Figure 4. Regression coefficients of 10 major features by PLS decomposition.

3.5. Classifier Optimizaion

The classifier was trained with the SVM, RF, and MLP methods. After training with the 3630 new features, it is found that the MLP classifier obtained the best accuracy of 92.0%, which is much better than the SVM classifier (84.0%) and the RF classifier (74.0%). Consequently, the MLP classifier was further optimized.

Weight parameters would affect the accuracy of the MLP classifier. Figure 5 exhibited the false predictions ((a), (c), (e)), and corresponding receiver operating characteristic (ROC) curves ((b), (d), (f)) of MLP classifier trained with ‘sgd’, ‘adam’, and ‘lbfgs’ as solver, respectively. Clearly, the MLP classifier with ‘lbfgs’ as the solver performs the best and only has four false predictions.

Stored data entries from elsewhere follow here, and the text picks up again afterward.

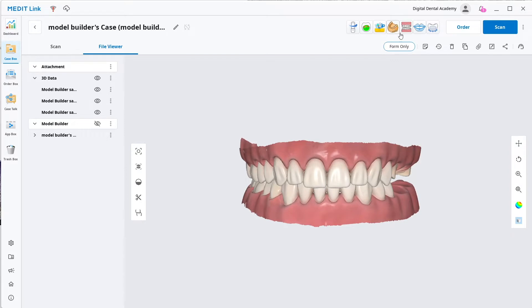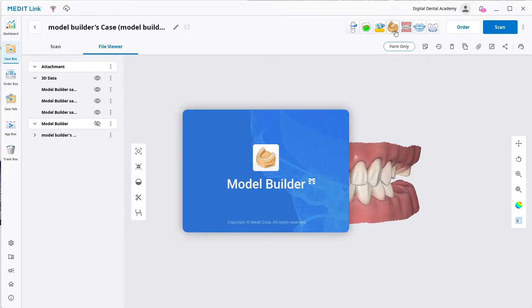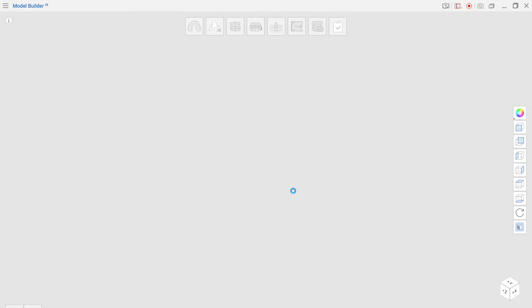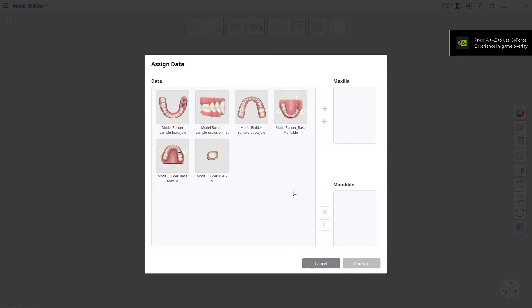We're going to take it straight into this icon here, the Medic Model Builder. You can see there's a whole range of different apps, the Model Builder is one of the most popular and it's an excellent app. I've already done this before so I'm going to click cancel because we're going to do a new project.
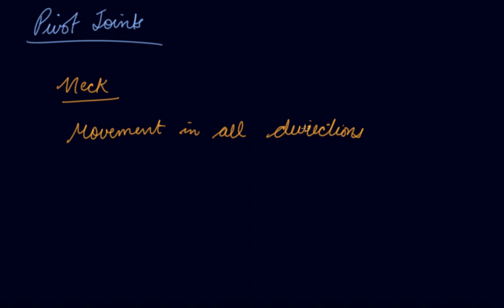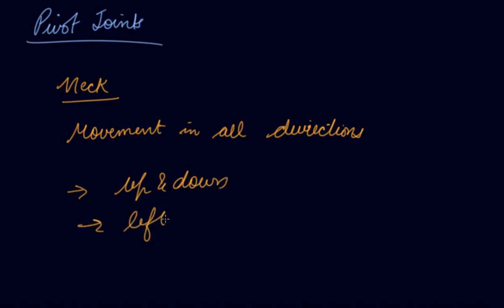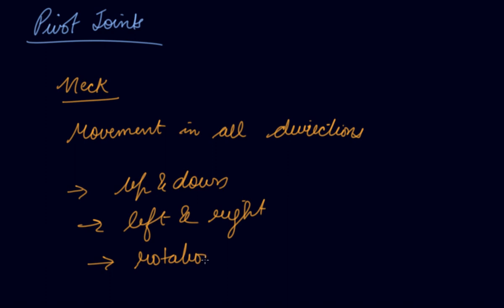In such joints, one of the bone ends is a rounded or conical surface that fits into a dent in the other bone. Such a joint is called a pivot joint. There is movement up and down, left and right, and rotational movement as well. So your neck has a pivot joint.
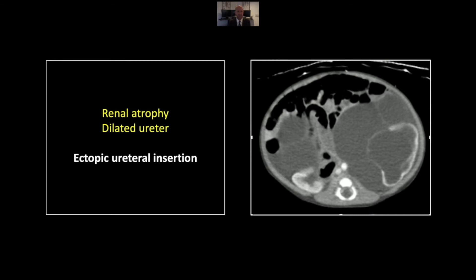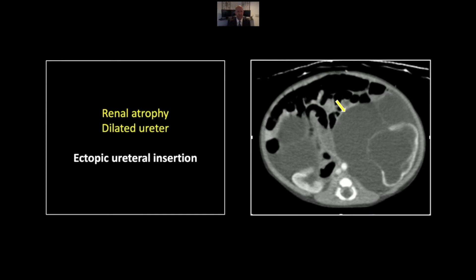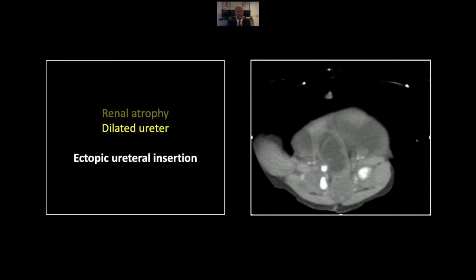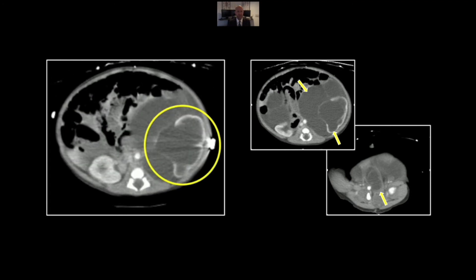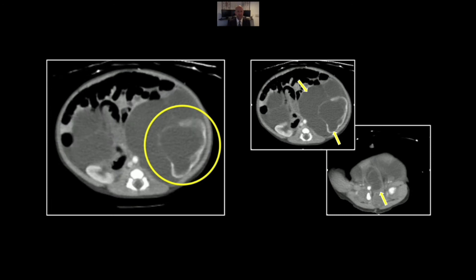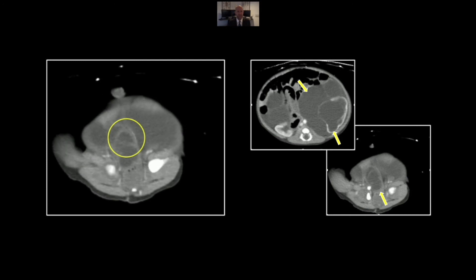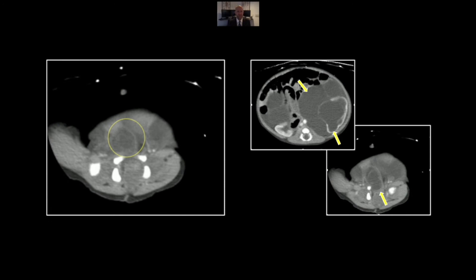Our next case is one of an ectopic ureteral insertion. This is an instructive case in that it shows just how dramatic the dilation of an obstructed ureter can become. This is an obstructed kidney with marked cortical thinning, suggesting it has gone on for a very long time. The dilated ureter is all throughout the abdomen, very tortuous and markedly expanded. The ectopic insertion is often difficult to find, but we actually see it here posteriorly, coming down in the region of the prostatic urethra. There is that chronically obstructed kidney with very little functioning cortex remaining, and there is its ectopic insertion.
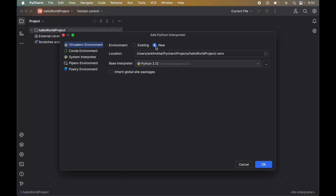In the Environment section, select 'New' if it is not already selected. In the Location field, you can provide the path where you want to create the environment. By default it will be 'venv' inside the project's root folder, which is the Hello World project. You can change the name — for example, to 'myenv' — but for now let's go with the default.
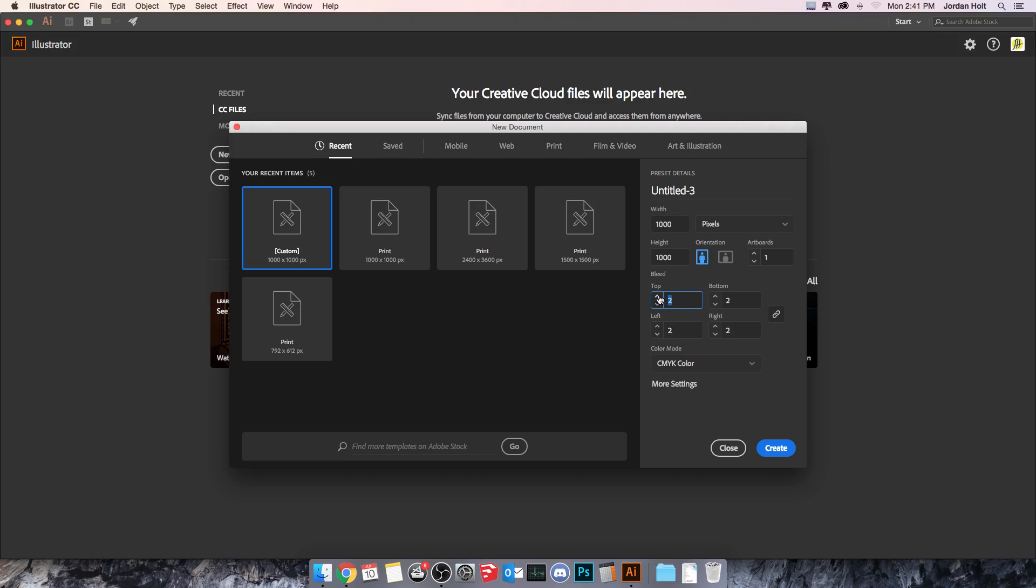You'll notice as I bring the number up, all four of these categories—top, bottom, left, and right—change at the same time because they are linked together. You can also unlink them if for some reason you wanted to do that. Probably doesn't come up a lot.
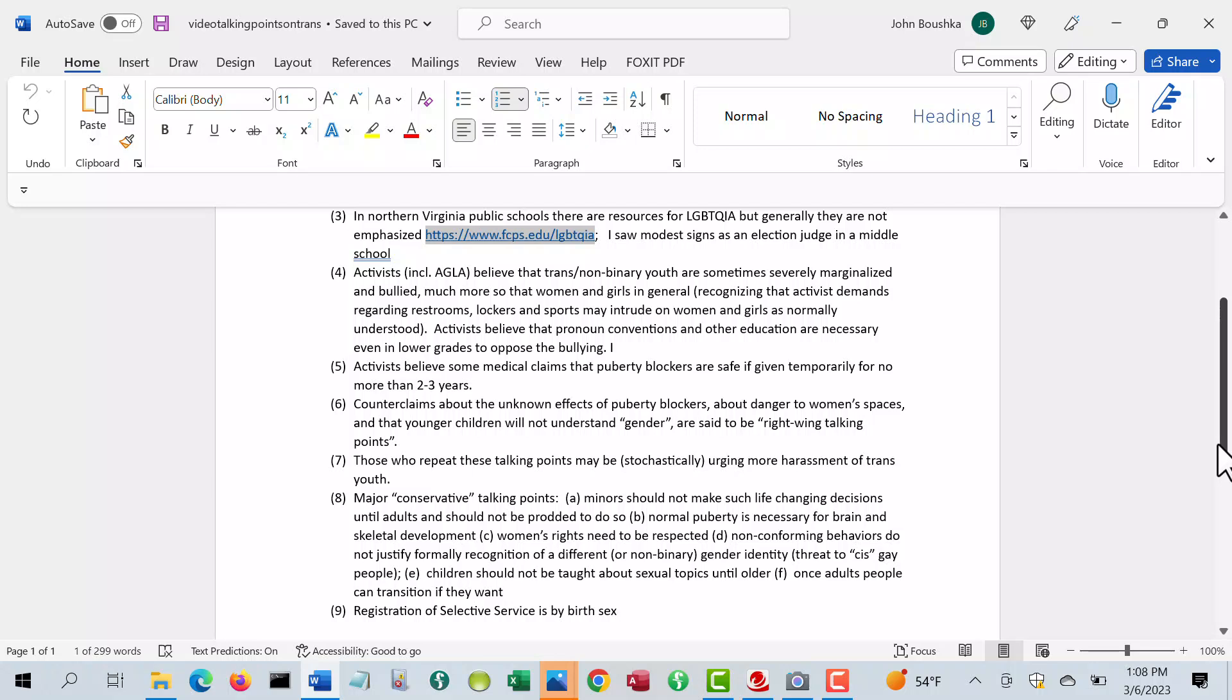The last point I would mention that activists often forget about: we still have a selective service system. We don't have an active draft. There was a fake story about Joe Biden recently, but mandatory registration for selective service is still by birth sex assigned at birth. If you were assigned as a male at birth, then between 18 and 25, you have to be registered for selective service. I would think that if you change that so everyone had to register, that would fix that.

Figure 5. False predictions of the MLP classifier trained with ‘sgd’ (a), ‘adam’ (c), and ‘lbfgs’ (e) as solver and corresponding ROC curves (b), (d) and (f).

3.6. Single-Blind Test

A total of 17 patients participated in the single-blind test, and the patient information was listed in Table S1. Before a single-blind test, the MLP classifier was trained based on all the malignant (98) and benign (110) samples. In general, three false-positive predictions were made by MLP classifier with an accuracy of 82.4% (14/17), which is comparable with the accuracy during model optimization.

3.7. Prediction of Undetermined Patients

A total of 42 patients participated in the single-blind test, and 5 patients could not be contacted by telephone follow-up. The patient information and prediction by the classifier were listed in Table S2. The general concordance between prediction and follow-up was 73.0% (27/37). In the 37 undetermined patients, 11 were diagnosed as undetermined significance (follicular lesion or atypia), 11 as suspicious for papillary carcinoma, 13 as insufficient cellularity, and 2 with others by cytopathology. The corresponding prediction accuracy was 72.7% (8/11), 90.9% (10/11), 61.5% (8/13), and 50.0% (1/2), respectively.

4. Discussion

4.1. The Scheme of PESI-MS Based Machine Leaning

FNAB samples has long been used for the malignancy determination of thyroid nodules, followed by cytopathology and mutation gene detection. In this study, the sample pretreatment followed the instructions of clinical samples for PESI-MS analysis [13] but was slightly modified. The pretreatment time is around 7 min (2 min extraction, vortex, and 5 min centrifugation) for one sample, which is very fast and efficient compared with the pretreatment and analysis of traditional cytopathology or the BRAF gene method (at least half to one hour). The obtained extractions of FNAB samples could be directly measured without further pretreatment. For the PESI-MS analysis, 9 μL of the sample was directly put on the sample plate, and several dozens of repetitions and hundreds of mass peaks were obtained within 1 min. The repetitions guaranteed the accuracy of the malignancy prediction. The hundreds of mass peaks include substances abundant in either malignant or benign nodules, which could be used as features for machine learning, as was done in previous reports [14,15].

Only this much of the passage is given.